* _Instructions for the task_
Print every line of the material below exactly as it stands, but omit the pictures.

* _Information provided_
━━━━━━━━━━

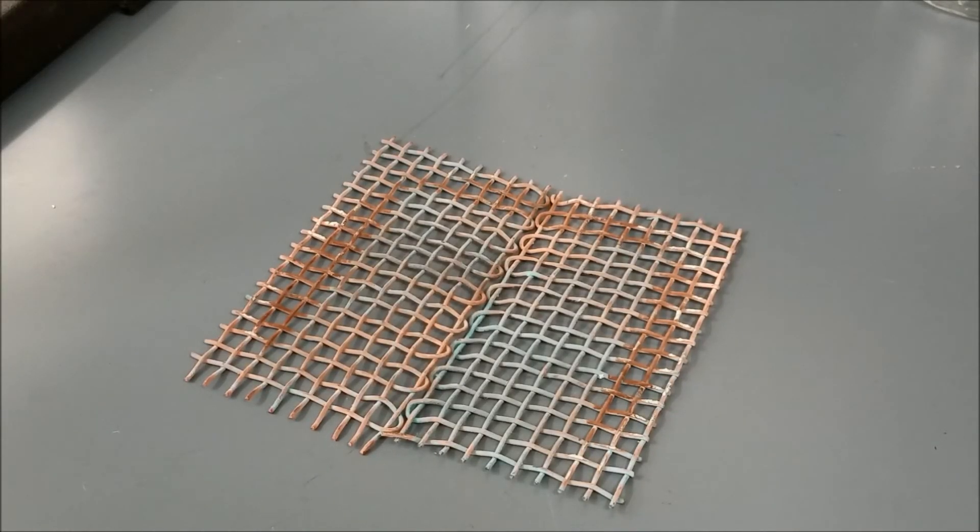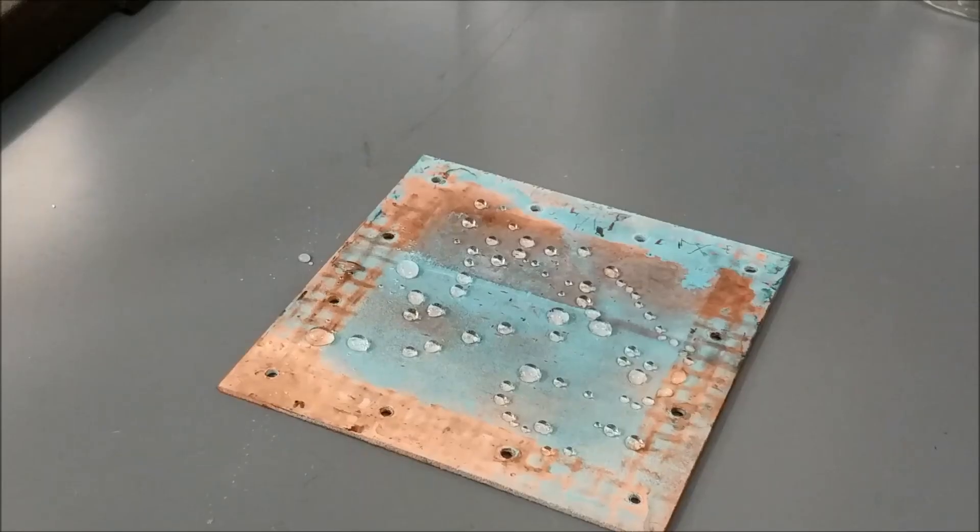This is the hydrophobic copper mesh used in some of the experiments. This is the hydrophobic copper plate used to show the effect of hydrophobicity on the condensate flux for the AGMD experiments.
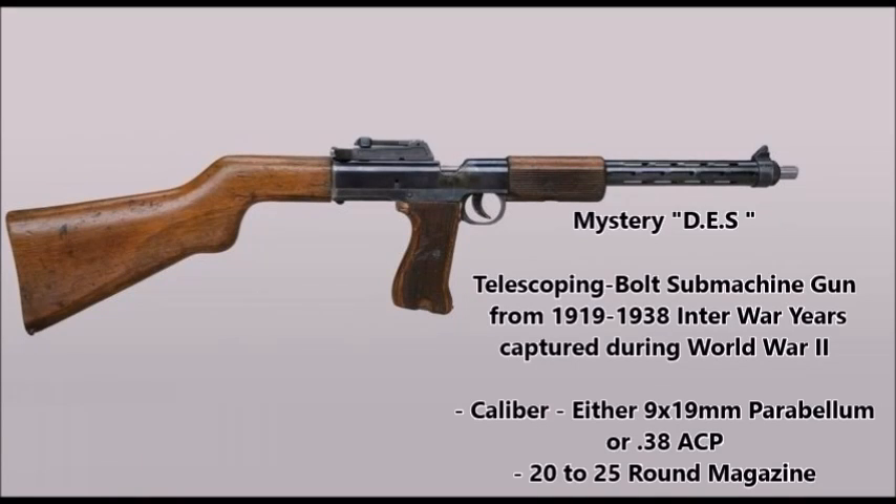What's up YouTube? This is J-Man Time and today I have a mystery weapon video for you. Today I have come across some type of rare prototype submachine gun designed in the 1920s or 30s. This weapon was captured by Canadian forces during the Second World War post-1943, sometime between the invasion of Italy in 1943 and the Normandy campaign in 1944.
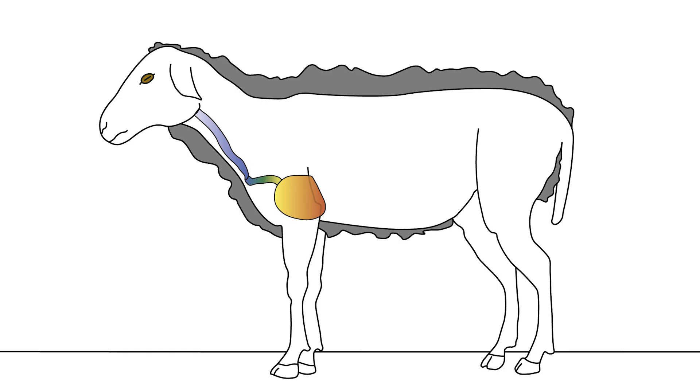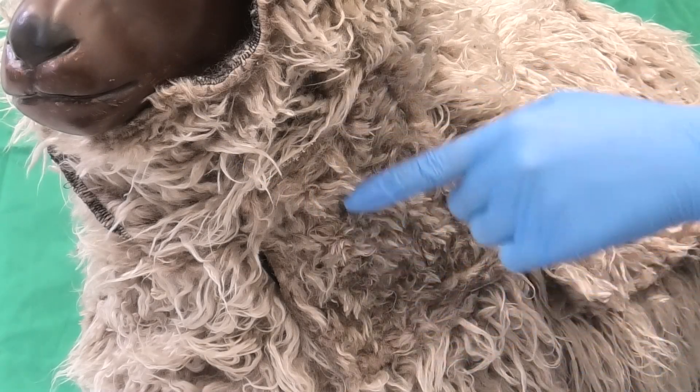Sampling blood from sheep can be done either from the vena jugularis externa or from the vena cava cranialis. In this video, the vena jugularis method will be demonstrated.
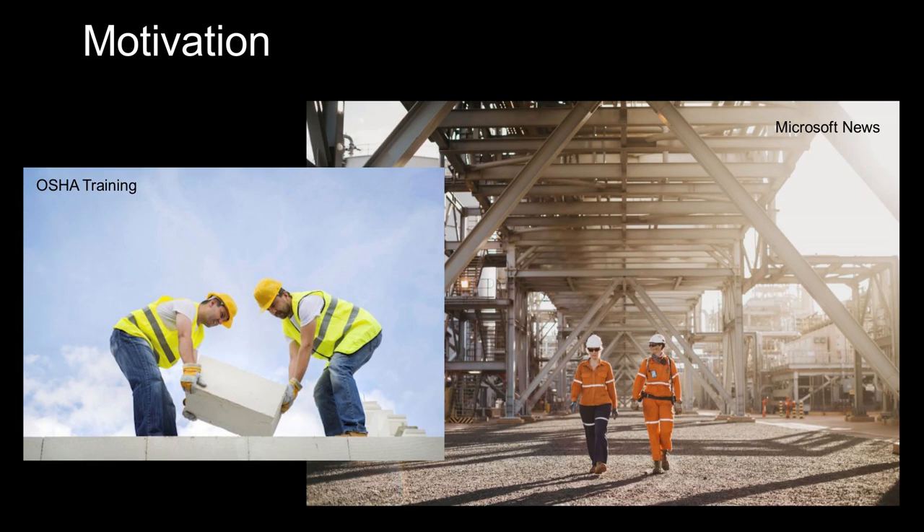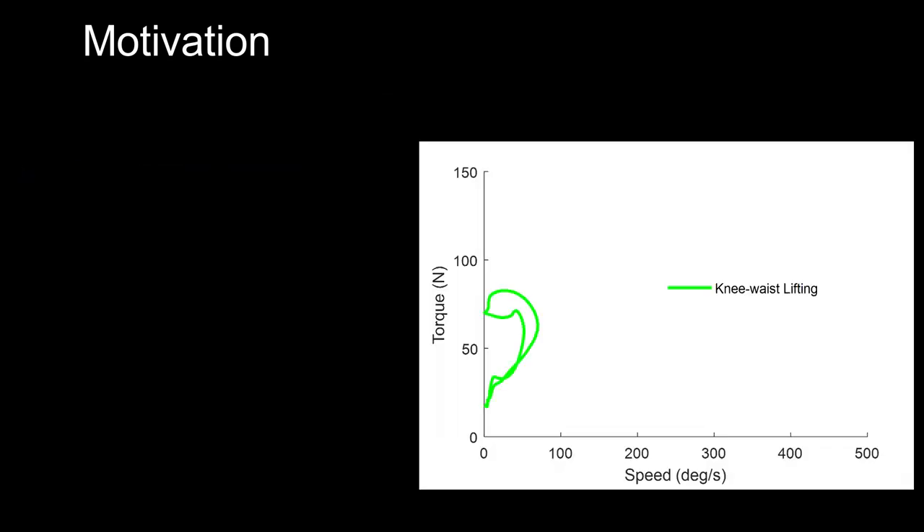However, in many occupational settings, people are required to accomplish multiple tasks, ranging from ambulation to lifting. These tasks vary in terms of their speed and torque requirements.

━━━━━━━━━━

* _Exercise response_
This is the hydrophobic copper mesh used in some of the experiments. This is the hydrophobic copper plate used to show the effect of hydrophobicity on the condensate flux for the AGMD experiments.
What's up YouTube? This is J-Man Time and today I have a mystery weapon video for you. Today I have come across some type of rare prototype submachine gun designed in the 1920s or 30s. This weapon was captured by Canadian forces during the Second World War post-1943, sometime between the invasion of Italy in 1943 and the Normandy campaign in 1944.
Sampling blood from sheep can be done either from the vena jugularis externa or from the vena cava cranialis. In this video, the vena jugularis method will be demonstrated.
However, in many occupational settings, people are required to accomplish multiple tasks, ranging from ambulation to lifting. These tasks vary in terms of their speed and torque requirements.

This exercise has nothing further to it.